◆ EXERCISE ◆
Starting with the line that contains "Doughnuts Full of Demons Poster (Vorne)" and stopping after the line that contains "2006 Pontiac Torrent", copy the entries below exactly. Include nothing else.

◆ RECORDS FOR THE EXERCISE ◆
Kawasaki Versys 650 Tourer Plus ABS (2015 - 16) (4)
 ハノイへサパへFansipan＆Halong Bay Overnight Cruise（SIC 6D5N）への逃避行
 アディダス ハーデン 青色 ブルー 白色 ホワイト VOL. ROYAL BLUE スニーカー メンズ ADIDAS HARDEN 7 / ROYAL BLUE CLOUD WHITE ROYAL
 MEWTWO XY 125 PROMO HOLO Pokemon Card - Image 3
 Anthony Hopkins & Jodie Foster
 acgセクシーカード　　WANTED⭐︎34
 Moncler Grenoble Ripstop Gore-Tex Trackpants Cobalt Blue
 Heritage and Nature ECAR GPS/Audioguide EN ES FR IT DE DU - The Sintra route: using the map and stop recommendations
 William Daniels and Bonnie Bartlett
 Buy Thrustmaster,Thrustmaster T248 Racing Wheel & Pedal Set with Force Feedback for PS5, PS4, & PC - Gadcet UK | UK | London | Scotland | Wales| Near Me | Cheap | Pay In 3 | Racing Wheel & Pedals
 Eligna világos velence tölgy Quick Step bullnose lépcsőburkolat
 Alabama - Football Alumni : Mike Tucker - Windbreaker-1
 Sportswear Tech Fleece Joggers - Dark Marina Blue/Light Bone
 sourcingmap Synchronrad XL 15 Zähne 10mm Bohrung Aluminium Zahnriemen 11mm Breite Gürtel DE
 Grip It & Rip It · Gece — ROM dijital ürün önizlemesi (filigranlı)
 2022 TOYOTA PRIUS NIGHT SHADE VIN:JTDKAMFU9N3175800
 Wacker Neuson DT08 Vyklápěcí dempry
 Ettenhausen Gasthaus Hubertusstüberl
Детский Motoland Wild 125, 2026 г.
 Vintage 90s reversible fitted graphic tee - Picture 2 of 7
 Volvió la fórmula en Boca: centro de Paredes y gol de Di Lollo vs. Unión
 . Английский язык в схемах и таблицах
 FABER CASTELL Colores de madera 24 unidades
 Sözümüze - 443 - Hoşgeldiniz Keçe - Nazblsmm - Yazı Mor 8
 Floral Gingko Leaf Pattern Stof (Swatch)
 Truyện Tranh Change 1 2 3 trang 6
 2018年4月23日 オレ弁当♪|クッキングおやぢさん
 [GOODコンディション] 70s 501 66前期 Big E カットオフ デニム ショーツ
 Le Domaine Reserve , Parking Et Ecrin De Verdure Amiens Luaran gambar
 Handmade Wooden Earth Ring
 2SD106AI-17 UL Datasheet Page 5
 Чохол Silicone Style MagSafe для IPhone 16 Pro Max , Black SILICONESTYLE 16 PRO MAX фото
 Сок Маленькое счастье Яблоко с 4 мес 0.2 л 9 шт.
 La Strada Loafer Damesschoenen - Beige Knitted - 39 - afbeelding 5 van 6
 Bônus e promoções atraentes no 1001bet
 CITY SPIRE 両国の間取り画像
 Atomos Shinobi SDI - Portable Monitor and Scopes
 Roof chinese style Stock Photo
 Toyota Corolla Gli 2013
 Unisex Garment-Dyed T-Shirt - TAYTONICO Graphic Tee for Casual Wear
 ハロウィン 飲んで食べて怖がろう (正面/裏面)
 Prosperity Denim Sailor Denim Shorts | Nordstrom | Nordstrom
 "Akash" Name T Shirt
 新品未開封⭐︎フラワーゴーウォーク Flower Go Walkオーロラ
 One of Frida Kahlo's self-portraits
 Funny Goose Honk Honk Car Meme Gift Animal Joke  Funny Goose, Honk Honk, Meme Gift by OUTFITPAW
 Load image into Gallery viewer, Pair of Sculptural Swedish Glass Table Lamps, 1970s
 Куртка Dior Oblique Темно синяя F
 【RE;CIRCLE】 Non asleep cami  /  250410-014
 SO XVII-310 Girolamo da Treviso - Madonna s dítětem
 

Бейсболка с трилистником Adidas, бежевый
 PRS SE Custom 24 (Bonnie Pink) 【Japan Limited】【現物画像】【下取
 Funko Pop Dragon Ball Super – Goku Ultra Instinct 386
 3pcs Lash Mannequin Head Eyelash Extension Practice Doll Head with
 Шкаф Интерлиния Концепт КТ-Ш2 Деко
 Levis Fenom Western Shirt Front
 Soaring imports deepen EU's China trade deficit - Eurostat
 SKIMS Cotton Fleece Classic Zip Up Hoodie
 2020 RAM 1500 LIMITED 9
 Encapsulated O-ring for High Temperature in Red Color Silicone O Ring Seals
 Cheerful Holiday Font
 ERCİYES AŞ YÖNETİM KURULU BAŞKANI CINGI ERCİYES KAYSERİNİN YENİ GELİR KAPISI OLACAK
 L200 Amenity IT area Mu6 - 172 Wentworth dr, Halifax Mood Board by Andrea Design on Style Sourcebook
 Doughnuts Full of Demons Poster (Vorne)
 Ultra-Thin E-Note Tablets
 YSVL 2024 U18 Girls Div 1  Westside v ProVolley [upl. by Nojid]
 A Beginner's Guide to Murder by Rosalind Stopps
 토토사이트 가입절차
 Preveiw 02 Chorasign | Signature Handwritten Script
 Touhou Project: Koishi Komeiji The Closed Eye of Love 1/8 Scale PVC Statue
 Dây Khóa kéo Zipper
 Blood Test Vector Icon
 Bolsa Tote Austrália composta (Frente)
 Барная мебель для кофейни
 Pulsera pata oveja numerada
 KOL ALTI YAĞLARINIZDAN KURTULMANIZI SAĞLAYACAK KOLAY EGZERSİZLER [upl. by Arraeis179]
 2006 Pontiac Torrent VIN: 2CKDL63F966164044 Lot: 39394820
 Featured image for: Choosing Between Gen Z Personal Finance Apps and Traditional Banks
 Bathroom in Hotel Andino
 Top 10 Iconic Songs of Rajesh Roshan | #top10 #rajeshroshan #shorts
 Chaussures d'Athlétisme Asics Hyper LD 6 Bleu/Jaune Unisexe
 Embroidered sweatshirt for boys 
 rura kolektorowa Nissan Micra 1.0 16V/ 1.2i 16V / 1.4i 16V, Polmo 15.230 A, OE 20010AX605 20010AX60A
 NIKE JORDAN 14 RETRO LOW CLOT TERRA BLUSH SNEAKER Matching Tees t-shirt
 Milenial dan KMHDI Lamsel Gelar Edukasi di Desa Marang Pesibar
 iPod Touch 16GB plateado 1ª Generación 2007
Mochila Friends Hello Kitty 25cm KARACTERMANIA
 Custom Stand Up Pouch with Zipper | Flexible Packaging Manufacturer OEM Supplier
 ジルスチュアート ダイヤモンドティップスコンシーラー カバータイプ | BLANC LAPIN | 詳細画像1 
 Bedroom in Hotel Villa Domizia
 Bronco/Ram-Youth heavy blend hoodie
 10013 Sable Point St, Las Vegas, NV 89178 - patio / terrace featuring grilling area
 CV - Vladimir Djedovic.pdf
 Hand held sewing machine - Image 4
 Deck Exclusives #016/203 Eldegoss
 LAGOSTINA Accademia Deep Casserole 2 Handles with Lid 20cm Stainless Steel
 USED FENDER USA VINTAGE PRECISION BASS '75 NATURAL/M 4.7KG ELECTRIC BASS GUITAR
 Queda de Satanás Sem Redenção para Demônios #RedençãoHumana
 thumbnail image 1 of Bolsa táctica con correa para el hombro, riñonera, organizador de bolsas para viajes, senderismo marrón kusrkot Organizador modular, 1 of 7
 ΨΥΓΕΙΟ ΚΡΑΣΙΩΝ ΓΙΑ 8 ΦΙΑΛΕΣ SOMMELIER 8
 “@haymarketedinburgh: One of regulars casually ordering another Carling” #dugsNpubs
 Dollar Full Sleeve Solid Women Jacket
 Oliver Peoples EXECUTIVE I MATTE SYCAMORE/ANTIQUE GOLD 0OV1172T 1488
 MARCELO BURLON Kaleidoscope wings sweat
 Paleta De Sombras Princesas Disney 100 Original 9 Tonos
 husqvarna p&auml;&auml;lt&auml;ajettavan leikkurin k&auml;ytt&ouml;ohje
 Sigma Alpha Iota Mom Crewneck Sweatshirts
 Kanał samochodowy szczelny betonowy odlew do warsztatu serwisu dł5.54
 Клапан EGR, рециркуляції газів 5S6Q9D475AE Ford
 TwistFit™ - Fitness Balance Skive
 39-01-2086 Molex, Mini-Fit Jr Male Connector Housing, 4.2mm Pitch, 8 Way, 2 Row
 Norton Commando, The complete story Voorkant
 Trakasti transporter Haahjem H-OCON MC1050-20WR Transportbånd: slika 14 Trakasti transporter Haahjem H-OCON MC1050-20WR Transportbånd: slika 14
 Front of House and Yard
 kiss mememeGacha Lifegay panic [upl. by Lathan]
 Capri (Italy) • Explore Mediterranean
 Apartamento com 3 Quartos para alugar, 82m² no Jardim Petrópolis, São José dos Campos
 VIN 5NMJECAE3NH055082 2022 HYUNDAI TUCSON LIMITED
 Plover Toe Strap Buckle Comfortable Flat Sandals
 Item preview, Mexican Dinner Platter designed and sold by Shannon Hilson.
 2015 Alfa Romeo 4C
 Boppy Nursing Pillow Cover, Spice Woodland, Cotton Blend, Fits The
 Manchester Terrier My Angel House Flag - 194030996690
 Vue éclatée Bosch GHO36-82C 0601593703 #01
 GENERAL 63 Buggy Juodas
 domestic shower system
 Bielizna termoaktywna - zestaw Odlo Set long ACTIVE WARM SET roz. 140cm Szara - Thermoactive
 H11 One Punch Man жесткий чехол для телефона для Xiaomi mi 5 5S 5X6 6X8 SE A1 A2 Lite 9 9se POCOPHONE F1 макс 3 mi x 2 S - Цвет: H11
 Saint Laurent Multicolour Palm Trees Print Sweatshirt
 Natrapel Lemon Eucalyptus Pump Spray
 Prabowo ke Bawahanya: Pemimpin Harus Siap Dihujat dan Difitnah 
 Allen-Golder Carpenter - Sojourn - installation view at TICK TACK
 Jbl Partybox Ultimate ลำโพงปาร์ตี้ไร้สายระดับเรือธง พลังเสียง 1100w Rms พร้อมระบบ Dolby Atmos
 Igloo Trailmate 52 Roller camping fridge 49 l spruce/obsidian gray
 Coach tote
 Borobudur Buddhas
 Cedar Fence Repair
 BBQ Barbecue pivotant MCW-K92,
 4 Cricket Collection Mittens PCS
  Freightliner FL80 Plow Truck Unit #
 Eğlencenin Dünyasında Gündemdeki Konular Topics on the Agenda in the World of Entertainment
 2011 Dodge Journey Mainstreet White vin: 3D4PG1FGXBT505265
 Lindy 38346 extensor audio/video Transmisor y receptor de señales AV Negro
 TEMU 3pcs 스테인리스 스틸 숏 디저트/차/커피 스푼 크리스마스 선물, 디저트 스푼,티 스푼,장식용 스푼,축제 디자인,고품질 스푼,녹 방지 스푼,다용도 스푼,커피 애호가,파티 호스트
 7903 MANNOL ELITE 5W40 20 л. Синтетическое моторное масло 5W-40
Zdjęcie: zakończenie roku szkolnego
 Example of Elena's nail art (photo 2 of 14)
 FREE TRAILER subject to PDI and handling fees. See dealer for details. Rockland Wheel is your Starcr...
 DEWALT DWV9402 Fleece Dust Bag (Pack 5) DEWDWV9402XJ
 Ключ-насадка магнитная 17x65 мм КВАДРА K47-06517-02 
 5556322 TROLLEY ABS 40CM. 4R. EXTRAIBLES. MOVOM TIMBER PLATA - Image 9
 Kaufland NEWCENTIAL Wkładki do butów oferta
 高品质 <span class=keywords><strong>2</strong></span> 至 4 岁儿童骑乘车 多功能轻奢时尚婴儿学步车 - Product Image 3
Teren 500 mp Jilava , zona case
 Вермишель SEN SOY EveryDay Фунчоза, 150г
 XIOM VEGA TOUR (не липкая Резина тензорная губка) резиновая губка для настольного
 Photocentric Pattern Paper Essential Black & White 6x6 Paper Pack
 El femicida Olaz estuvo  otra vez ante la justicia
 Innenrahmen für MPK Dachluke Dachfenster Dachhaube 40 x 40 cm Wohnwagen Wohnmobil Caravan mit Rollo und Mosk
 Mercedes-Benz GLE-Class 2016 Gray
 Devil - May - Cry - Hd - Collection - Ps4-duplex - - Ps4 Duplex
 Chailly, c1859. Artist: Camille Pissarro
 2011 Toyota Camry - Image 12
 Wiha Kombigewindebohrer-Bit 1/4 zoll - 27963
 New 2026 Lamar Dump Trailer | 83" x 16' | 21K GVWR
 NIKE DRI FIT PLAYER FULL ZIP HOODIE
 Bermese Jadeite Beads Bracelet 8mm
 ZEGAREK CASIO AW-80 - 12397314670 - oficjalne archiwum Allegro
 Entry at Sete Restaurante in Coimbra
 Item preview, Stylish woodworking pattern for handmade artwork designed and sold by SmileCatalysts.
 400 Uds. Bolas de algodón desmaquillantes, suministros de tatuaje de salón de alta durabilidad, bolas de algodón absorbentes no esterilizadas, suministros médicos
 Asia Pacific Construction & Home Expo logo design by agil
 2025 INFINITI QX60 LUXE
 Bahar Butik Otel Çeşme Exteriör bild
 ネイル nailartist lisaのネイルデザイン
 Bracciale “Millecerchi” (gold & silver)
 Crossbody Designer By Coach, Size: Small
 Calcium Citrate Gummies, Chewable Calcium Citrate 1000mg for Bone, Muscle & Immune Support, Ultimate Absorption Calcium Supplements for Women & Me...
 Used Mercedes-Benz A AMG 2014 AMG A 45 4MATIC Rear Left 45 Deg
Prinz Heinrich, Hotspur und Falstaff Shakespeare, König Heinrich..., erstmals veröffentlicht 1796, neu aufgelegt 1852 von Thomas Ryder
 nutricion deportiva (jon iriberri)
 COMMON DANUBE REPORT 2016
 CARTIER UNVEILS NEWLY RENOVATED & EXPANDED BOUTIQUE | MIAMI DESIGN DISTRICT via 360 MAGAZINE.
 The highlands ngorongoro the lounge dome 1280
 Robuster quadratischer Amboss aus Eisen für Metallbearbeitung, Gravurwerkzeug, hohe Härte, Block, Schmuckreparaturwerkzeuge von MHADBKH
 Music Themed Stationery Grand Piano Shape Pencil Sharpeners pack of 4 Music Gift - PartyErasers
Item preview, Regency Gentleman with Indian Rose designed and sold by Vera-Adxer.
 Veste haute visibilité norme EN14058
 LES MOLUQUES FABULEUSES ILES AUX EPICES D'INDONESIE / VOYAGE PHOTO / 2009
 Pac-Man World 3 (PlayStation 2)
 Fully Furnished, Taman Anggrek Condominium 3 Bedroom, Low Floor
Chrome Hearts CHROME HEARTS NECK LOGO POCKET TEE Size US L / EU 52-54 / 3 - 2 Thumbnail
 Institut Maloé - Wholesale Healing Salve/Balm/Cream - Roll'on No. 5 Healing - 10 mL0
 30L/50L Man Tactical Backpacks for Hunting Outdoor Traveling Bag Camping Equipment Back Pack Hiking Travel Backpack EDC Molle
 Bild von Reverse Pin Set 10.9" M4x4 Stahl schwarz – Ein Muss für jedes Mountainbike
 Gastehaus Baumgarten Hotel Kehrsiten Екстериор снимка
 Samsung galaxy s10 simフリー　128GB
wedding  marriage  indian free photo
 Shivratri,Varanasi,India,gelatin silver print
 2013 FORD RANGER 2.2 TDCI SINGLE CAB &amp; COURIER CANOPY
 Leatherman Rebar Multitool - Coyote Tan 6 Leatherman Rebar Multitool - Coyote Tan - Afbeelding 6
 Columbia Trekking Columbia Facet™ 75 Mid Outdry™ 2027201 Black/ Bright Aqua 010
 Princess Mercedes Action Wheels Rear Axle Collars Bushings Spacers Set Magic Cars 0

◆ OUTPUT BELOW ◆
 Doughnuts Full of Demons Poster (Vorne)
 Ultra-Thin E-Note Tablets
 YSVL 2024 U18 Girls Div 1  Westside v ProVolley [upl. by Nojid]
 A Beginner's Guide to Murder by Rosalind Stopps
 토토사이트 가입절차
 Preveiw 02 Chorasign | Signature Handwritten Script
 Touhou Project: Koishi Komeiji The Closed Eye of Love 1/8 Scale PVC Statue
 Dây Khóa kéo Zipper
 Blood Test Vector Icon
 Bolsa Tote Austrália composta (Frente)
 Барная мебель для кофейни
 Pulsera pata oveja numerada
 KOL ALTI YAĞLARINIZDAN KURTULMANIZI SAĞLAYACAK KOLAY EGZERSİZLER [upl. by Arraeis179]
 2006 Pontiac Torrent VIN: 2CKDL63F966164044 Lot: 39394820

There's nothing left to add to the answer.